Found a "galaxy zoo" dataset on kaggle, thought I'd play around with it! The dataset can be found here:, it's around 3 gigs of 424x424 jpgs of galaxies, ~60,000 images in total. The original intent is to allow citizen scientists to aid astronomers in classifying these--with the advent of deep learning, we can try and do this a bit faster than the mind-numbing task of by-hand classification.
I'd like to note that I have the following organization of files:
|galaxyZookeeper--> (this file)
|-----------------> (all the other files of this repo)

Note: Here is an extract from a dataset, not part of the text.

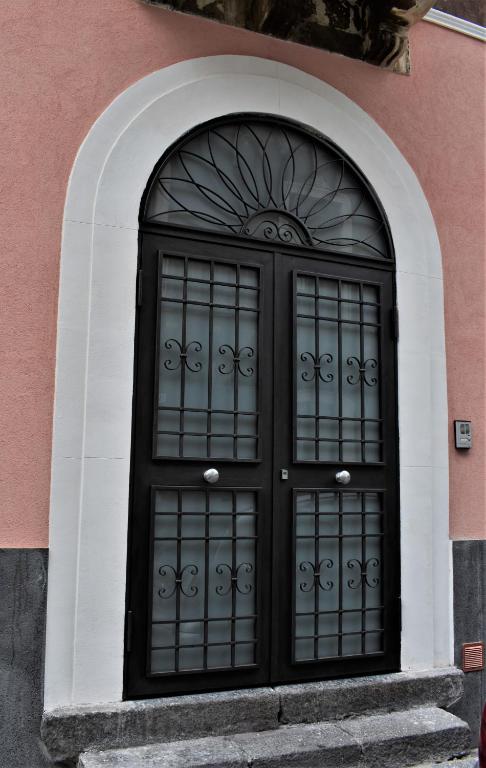 czarne drzwi na różowym budynku w obiekcie Casa Nirè II w Katanii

|-----------------> galaxy-zoo-the-galaxy-challenge---> all_ones_benchmark--------> all_ones_benchmark.csv
|-----------------------------------------------------> all_zeros_benchmark-------> all_zeros_benchmark.csv
|-----------------------------------------------------> central_pixel_benchmark---> central_pixel_benchmark.csv
|-----------------------------------------------------> images_test_rev1----------> tons of jpgs
|-----------------------------------------------------> images_training_rev1------> tons of jpgs
|-----------------------------------------------------> training_solutions_rev1---> training_solutions_rev1.csv
Currently, I'm still tinkering around with the model, but my "first shot" trained for 40 epochs and it looks like we're getting somewhere around 50% accuracy or 0.04 MSE loss on some validation data. Not terrible, considering the number of classes we're attempting to classify on!